INFORMATION SUPPLIED:
════
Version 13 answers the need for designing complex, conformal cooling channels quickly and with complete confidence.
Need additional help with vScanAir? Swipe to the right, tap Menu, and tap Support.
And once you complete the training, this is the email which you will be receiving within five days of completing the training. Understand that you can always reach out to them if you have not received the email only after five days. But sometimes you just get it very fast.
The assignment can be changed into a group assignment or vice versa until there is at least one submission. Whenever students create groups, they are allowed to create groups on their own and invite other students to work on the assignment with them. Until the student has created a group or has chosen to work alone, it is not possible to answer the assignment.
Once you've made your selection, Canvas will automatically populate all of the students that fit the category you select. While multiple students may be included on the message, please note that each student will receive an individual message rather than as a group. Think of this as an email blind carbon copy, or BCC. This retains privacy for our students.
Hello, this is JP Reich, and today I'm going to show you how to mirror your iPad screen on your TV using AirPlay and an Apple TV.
════
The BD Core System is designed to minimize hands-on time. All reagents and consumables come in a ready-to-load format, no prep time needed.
════
Copy out, from the data above, each line where the string "them" is present.

And once you complete the training, this is the email which you will be receiving within five days of completing the training. Understand that you can always reach out to them if you have not received the email only after five days. But sometimes you just get it very fast.
The assignment can be changed into a group assignment or vice versa until there is at least one submission. Whenever students create groups, they are allowed to create groups on their own and invite other students to work on the assignment with them. Until the student has created a group or has chosen to work alone, it is not possible to answer the assignment.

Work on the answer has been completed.